Elliott is a great football player, but his position doesn't merit the 11th pick.
Elliott is a great football player, but his position doesn't merit the 11th pick.
Christian Petersen/Getty Images

Some believe it would be a beautiful thing if Ezekiel Elliott ends up in Chicago, and they might be right. However, that thing of beauty is not worth the eleventh pick in the draft. This is not because of any limitations in Elliott's game. In fact, it is likely that any team that picks up Elliott will be getting a solid player, and it's possible that he might end up one of the top running backs in the league over the next few years.

However, it would take a transcendent running back to come close to justifying the investment of a first-round pick, and even then it would be questionable. I claim this not because I think running backs are outdated or outmoded as a position. I am one of those who believes that, despite an increasing trend toward favoring the passing game, running back remains a vital position. The reality, though, is that very, very good running backs can be had later in the draft.

Forget whether or not John Fox prefers a running back committee approach or the potential quality of the running backs already on the Bears. Just note that the top running backs do not come from the first round in anything resembling a disproportionate way. This observation flies in the face of one argument in favor of drafting Elliott (or Henry, or any other running back) with #11. One way of justifying the expenditure of a first-round pick on Elliott is that it might be worth it if he turns into a true workhorse, the kind of player who adds consistent value to a team, year after year. However, a quick look at where the top running backs have come from in the last five years does not lend much credibility to this argument.

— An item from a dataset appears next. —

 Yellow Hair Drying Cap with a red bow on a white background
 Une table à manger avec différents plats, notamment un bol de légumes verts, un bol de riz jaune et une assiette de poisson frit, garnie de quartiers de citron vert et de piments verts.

If we are really talking about top-tier players, we should be able to see a trend among the top running backs. The first-round picks should stand out. If nothing else, Adrian Peterson should bolster the numbers in some way that makes the first-rounders repay the investment made in them (after all, every great running back prospect is compared to Adrian Peterson at some point, so the player in question should have some sort of titanic impact).

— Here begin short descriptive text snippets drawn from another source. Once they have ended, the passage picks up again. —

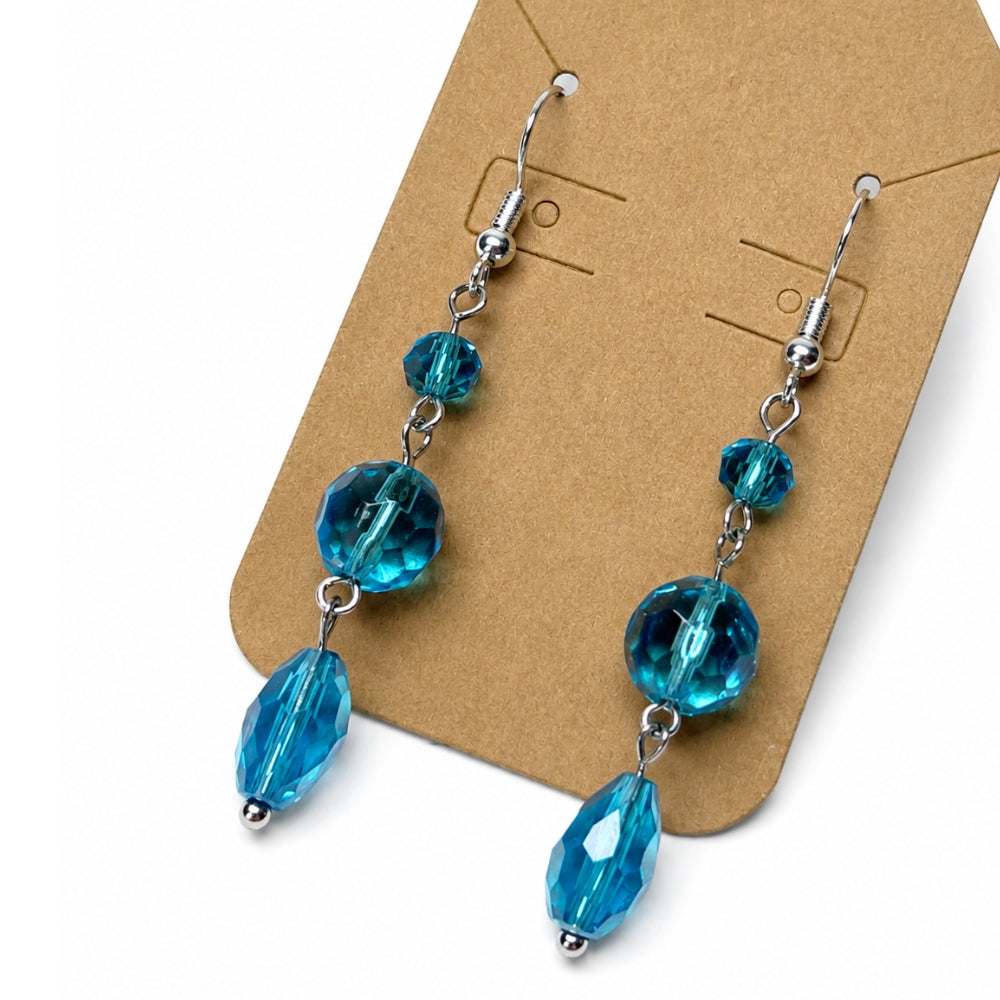 A pair of dangling earrings with faceted blue beads and silver-tone hooks, displayed on a brown kraft card against a white background.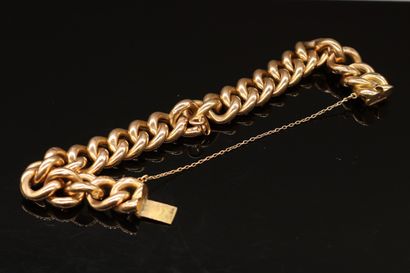 null Bracelet en or jaune 18k (750) avec chainette de sécurité. 

Poids : 17.41 g....
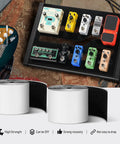 Guitar Pedalboard Mounting Tape 2M Long By 50mm Wide With Hook And Loop, pedals arranged on a board and tape rolls shown.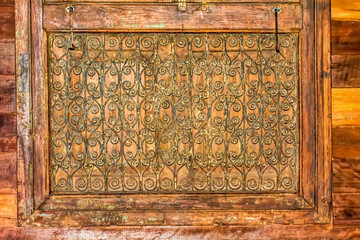 Antique carved wooden windows and wooden wall.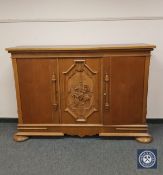 A continental carved oak side cabinet,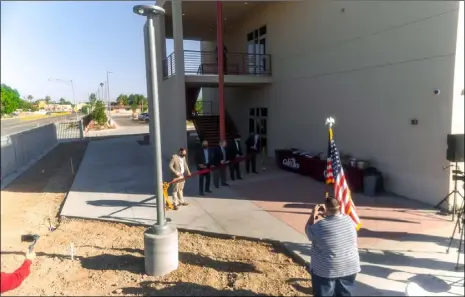  ?? PHOTO VINCENT OSUNA ?? FROM LEFT: Calexico Unified School District board members Enrique Alvarado; Lorenzo Calderon Jr.; Richard Romero, Michael Castillo and Superinten­dent Carlos Gonzales participat­e in a ribbon-cutting on Tuesday at Calexico High School.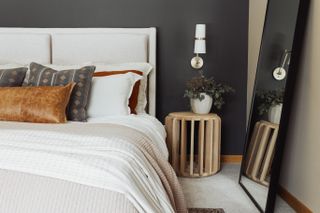 A bed with a mirror and a nightstand with green foliage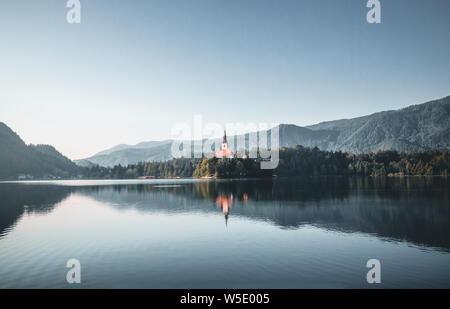 Schöne bunte Sonnenaufgang über einem alpinen See Bled in Slowenien mit der Kirche im Hintergrund Stockfoto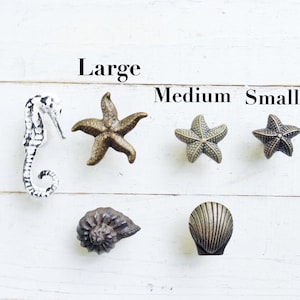 May include: A set of five decorative cabinet knobs featuring a seahorse, two starfish, a seashell, and a scallop shell. The knobs are labeled "Large", "Medium", and "Small".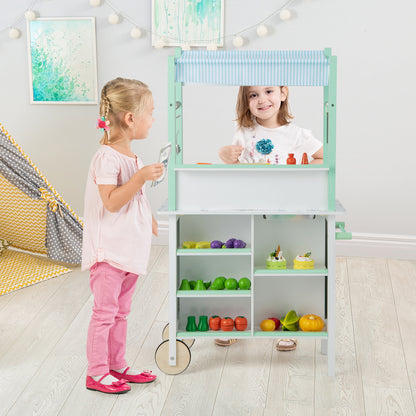 Children interacting with the green and white play kitchen set in a room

Football Outsiders does a good job of adjusting each player's individual contribution, taking into consideration the defense these players faced and the quality of the team around them. In order to be considered a top back, a player had to place in the top ten in either DYAR (overall defense-adjusted value) or DVOA (defense-adjusted value per play). Because in some years a player will be in the top ten in one category but not another, there are 68 different entries on this list, with 16 repeated names. These repeats would be the sort of reliable rushers who might merit the consideration of an early pick.

As it turns out, four of these sixteen names are first-round picks: Ryan Mathews, Marshawn Lynch, Donald Brown, and Adrian Peterson. However, another four of these names are second-round picks: Eddie Lacy, LeSean McCoy, Le'Veon Bell, and Matt Forte. And, of course, another four of these names are third-round picks: DeMarco Murray, Frank Gore, Jamaal Charles, and Stevan Ridley. The list is rounded out by three undrafted free agents (Arian Foster, Fred Jackson, and Pierre Thomas) as well as a seventh-rounder (Justin Forsett).

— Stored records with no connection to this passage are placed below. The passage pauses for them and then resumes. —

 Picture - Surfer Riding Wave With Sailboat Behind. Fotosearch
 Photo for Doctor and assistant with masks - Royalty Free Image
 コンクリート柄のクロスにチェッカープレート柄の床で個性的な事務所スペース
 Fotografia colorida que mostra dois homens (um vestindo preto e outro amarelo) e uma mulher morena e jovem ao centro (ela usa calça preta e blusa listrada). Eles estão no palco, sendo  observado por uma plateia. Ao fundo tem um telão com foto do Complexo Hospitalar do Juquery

Now, this is far from conclusive. After all, maybe more running backs are taken in the later rounds, meaning that there's a disproportionate chance that later picks will show up. The later rounds might have "more bites at the apple," so to speak. Except they don't.

In fact, from 2004-2013 (a ten-year span, with at least three seasons for each player to make his mark), 213 running backs were selected. 27 of them went in the first round and 28 went in the second round. Things go "off script" a little in the third round, with only 20 running backs selected; however, 33 rushers were taken in the fourth round (some with picks that in other years would have been third-round selections), in order to bring the average across these two rounds back to 26.5.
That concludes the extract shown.